Et c’est bien cela qui se passe devant nos yeux, assez éberlués. Hélène Schwartz, Karina Beuthe Orr, Guarani Feitosa et Frédéric Ferrer vont chacun leur tour et dans des langues de plus en plus improbables (vous apprendrez quelques mots en viking médiéval) questionner la notion de frontière dans ses contours absurdes. Entre la Russie et la Norvège on peut circuler librement mais ni à pied ni en voiture, alors, les réfugiés syriens traversent avec des vélos enfants qu’ils abandonnent. Entre le Brésil et la France (si si !), un pont a été construit, et ce pont inadapté sépare les peuples au lieu des les rassembler. Par exemple.
Et des exemples il y a aura des tonnes dans cet exposé géographique, géopolitique et anthropologique. La forme conférencée, désormais classique dans le théâtre actuel permet de mettre en scène le réel sans le modifier mais en le rendant plus accessible. Les comédiens assistés d’une régisseuse plateau, prête à en découdre avec tous les effondrements, sont de véritables caméléons qui se muent dans des époques et des langues diverses. Le décor s’ouvre et notre imaginaire aussi, jusque sur les terres froides du Groenland.

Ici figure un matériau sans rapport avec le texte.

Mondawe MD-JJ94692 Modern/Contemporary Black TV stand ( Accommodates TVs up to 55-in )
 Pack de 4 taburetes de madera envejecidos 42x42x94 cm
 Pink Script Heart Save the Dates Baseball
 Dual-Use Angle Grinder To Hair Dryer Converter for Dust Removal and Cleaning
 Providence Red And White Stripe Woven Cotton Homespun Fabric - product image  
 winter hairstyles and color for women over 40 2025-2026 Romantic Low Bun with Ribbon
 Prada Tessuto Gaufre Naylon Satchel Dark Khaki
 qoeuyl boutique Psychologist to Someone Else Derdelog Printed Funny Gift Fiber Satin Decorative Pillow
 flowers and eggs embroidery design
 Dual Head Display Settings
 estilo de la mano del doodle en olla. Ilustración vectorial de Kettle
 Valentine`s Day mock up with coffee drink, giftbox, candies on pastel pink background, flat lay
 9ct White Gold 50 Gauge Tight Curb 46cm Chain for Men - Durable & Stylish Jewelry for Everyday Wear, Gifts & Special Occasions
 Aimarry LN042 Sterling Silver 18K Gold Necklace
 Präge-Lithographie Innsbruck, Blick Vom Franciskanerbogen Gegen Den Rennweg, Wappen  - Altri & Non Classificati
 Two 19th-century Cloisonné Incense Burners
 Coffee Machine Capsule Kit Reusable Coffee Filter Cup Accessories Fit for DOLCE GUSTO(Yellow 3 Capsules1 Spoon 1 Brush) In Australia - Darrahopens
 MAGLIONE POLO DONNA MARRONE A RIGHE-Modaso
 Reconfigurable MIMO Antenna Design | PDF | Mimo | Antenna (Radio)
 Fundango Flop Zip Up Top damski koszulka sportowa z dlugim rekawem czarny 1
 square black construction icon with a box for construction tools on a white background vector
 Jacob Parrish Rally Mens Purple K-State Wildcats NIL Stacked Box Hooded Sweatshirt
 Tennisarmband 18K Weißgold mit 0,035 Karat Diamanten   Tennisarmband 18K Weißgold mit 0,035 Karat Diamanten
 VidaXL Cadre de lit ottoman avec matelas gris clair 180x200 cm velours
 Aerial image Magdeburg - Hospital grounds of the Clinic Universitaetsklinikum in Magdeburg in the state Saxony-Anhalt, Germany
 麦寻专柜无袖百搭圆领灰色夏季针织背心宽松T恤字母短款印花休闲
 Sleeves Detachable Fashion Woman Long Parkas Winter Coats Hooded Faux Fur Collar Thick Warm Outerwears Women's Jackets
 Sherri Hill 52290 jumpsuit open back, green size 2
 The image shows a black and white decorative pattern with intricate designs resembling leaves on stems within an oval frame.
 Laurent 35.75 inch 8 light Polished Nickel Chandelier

On sort de là conscient que ce n’est pas à notre petit niveau personnel que nous pourront repousser les limites de la fin de notre monde. C’est trop tard. Pourtant, Borderline(s) investigation #1 – les limites n’est pas dogmatique et encore moins professoral. La pièce expose l’état du monde et les politiques publiques délirantes menées non pas depuis quelques années mais depuis des décennies. On devrait pleurer face à un Edouard Philippe à qui la crise écologique “pose question”, mais on rigole, franchement.
Quoi faire d’autre ? Peut être prendre exemple sur les Inuits et la jouer ultra local. Ça ne suffira pas mais ce sera un premier pas. Ou alors, allez se trouver une autre planète. Quelque chose nous dit que cette idée taraude déjà Frédéric Ferrer ! Il faut rire du pire disait Wolinski. Alors, on obéit.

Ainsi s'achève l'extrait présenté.